Tuesday, January 22, 2013

Mysterious Lights in North Dakota

This is interesting. It's a time-lapse sequence from the space station over several night-time overflights of the planet.


It goes by so quickly that you can't quite make out exactly where you are at any given time. Given that, you are likely to miss that there is something very odd that shows up in western North Dakota, a cluster of lights that doesn't belong there. And that wasn't there six years ago.


Look at the upper left corner of that picture. That looks like a city larger than Chicago out there in the flat plains farmland of ... North Dakota?. What the fuck?

It turns out that it's not a new city after all. It's fracking oil wells, with the natural gas being burnt off. Burnt off. Oil companies exploiting the Bakken Shales by fracking are allowed to just burn off the natural gas that comes up along with the oil. Some locals call it "Kuwait on the Prairie".

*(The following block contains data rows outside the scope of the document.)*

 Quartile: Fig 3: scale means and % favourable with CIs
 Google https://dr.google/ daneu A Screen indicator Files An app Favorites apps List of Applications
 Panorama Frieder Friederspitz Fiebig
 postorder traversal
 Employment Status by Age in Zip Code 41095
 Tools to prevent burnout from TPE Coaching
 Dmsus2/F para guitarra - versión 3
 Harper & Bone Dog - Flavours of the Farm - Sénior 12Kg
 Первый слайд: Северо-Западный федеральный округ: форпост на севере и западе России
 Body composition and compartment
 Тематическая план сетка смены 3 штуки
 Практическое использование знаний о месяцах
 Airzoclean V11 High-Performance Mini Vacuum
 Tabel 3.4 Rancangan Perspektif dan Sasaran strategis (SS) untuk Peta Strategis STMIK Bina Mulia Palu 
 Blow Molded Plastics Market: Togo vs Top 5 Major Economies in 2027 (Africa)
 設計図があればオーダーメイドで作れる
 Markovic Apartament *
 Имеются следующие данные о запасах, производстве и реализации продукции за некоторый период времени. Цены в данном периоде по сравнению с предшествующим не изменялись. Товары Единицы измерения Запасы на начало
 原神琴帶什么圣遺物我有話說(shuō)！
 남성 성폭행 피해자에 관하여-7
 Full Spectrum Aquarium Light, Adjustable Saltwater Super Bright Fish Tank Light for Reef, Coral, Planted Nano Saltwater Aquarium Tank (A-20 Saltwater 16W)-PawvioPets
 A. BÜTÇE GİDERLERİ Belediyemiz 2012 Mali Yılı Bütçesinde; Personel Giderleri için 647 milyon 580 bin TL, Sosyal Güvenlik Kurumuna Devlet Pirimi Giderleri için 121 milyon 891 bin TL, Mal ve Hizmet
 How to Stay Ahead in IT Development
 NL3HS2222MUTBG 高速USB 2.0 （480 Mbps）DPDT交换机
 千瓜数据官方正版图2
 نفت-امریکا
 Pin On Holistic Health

NPR has the whole story and it's not a pretty one...

3 Comments:

Sarge said...

FW,
I just talked with a oil man yesterday - not a geologist, but close, he claimed. He said that fracking was safe.
I wonder?
But, here it is - Whatever it takes, it is past time to tell the Arabs and Chavez to kiss our asses and not buy their oil.
And, why are we still importing oil when we are exporting the stuff?

Sarge

Farnsworth68 said...

I'm still unconvinced that it's "safe". That aside, they are so wasteful that they can with reckless abandon just burn off the collateral natural gas.
Good point about the exports. But Big Oil is international, and little things like borders and economies mean nothing to them.
--The F Man

double nickel said...

Fracking is most certainly not safe for the environment. Pumping chemicals into the ground can and does poison wells, aquifers etc. It also allows natural gas to escape into underground fissures. I've read reports of ranchers in Alberta being able to ignite whatever it is that's coming through their kitchen faucets.I drove though this area of North Dakota last fall. The amount of activity the is overwhelming, and changing the social structure of the area along with the geography. It ain't pretty.